3.1. Lower Troposphere
 Figure 2 compares an early morning ozone sounding (1100 UTC/0600 LST) on 14 July 2004 at Egbert, Ontario, with the predicted ozone profiles from the five model versions for that time and location (obtained by bilinear interpolation in the horizontal). The sharp transition in ozone concentration in the vertical from the surface through the nocturnal inversion to the residual layer above is captured by the models, although in all cases the vertical gradient is apparently overestimated. This may be due in part to the response time of the ozone sensor (see section 2.l), since this will tend to smooth the observed profile. The vertical gradient of the true ozone profile below 500 m may therefore more closely resemble that forecast by the models than it would appear from this comparison. However, all the models forecast higher ozone than is observed between 500 and 1000 m. The two CHRONOS runs also reproduce the secondary feature at 2000 m.
 Figure 3 shows an evening sounding (2300 UTC/1900 LST) on 30 July at Sable Island, Nova Scotia. The boundary layer transition in the vertical is less pronounced for this case. The three AURAMS runs predict this low-level feature well, though two are biased low overall and one high overall. The two CHRONOS runs, on the other hand, predict much more pronounced PBL effects than are seen in the measurements. On the other hand, all of the models are low, relative to the sonde, above 3000 m. Similar behavior above 3000 m is apparent in Figures 4–7, and as discussed in section 3.2 this bias becomes more pronounced at higher altitudes.
 An early afternoon sounding (1700 UTC/1300 LST) on 30 July at Yarmouth, Nova Scotia (Figure 4), shows a shallow layer of high ozone molar mixing ratio at 500 m, just above the top of the marine boundary layer. The two CHRONOS runs predict this feature fairly well, with the operational version (CHRONOS-OP) doing a somewhat better job of reproducing the narrowness of the layer, while the version with assimilation of surface ozone data (CHRONOS-SDA) correctly places the altitude of the layer. The three AURAMS runs are all quite different among themselves but all predict a broader feature and all are biased low.
 In Figure 5 the early afternoon ozone profile (2000 UTC/1400 LST) for 16 July at Huntsville, Alabama shows a deep (2 km) boundary layer of photochemically produced ozone.
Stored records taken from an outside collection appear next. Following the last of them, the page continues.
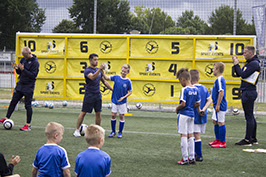 Voetgolf op een voetbalveld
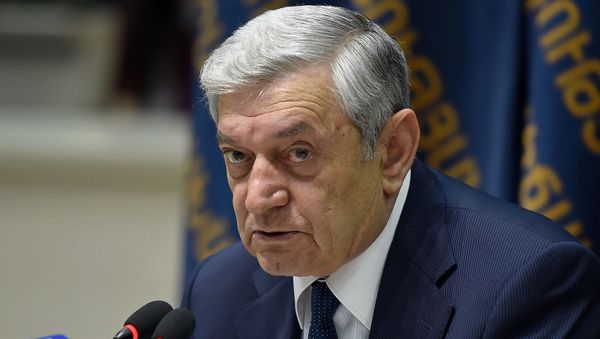 Пресс-конференция министра по чрезвычайным ситуациям Феликсa Цолакянa (19 апреля 2019). Еревaн Пресс-конференция министра по чрезвычайным ситуациям Феликсa Цолакянa (19 апреля 2019). Еревaн - Sputnik Արմենիա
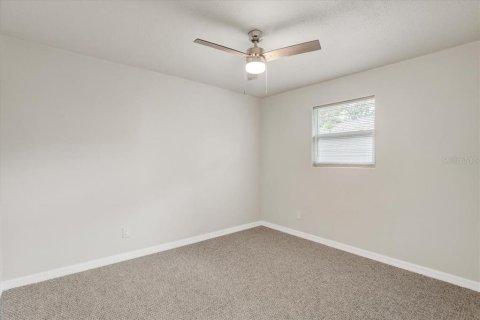 House in Saint Petersburg, Florida 3 bedrooms, 100.15 sq.m. № 1835433 - photo 16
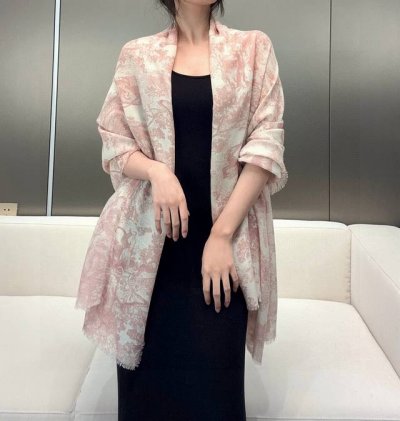 dior新款伊如动物丛林丝羊绒围巾长款披肩！纯粹的高级和时髦感！太有品味了！！ 好看死了，质感有腔调！！Dior招牌的动物元素高端丝绒正反双配色印染的围巾披肩~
All five model versions predict large ozone production in this layer, and all get the PBL depth about right, but none predicts the ozone increase from the surface to 1500 m. As a result the AURAMS run results are much closer to the sonde measurement at the surface, whereas the CHRONOS run results are close to the sonde value at the top of the PBL (1500 m). All of the models underpredict ozone values above 3000 m, the AURAMS runs especially so.
 Some of the sites near the ocean (Narragansett, RHBrown) appear also to be subject to daylight titration under certain conditions (temperature inversions, clouds or fog). A dramatic example of this was observed at Narragansett on 28 July (Figure 6). Interesting, three of the model runs (AURAMS-NEW, CHRONOS-OP and CHRONOS-SDA) appear to reproduce this, although the predicted loss is only half that observed. The assimilation of surface ozone data appears to have helped the CHRONOS profile very little in this case, probably because the titration is a transient phenomenon.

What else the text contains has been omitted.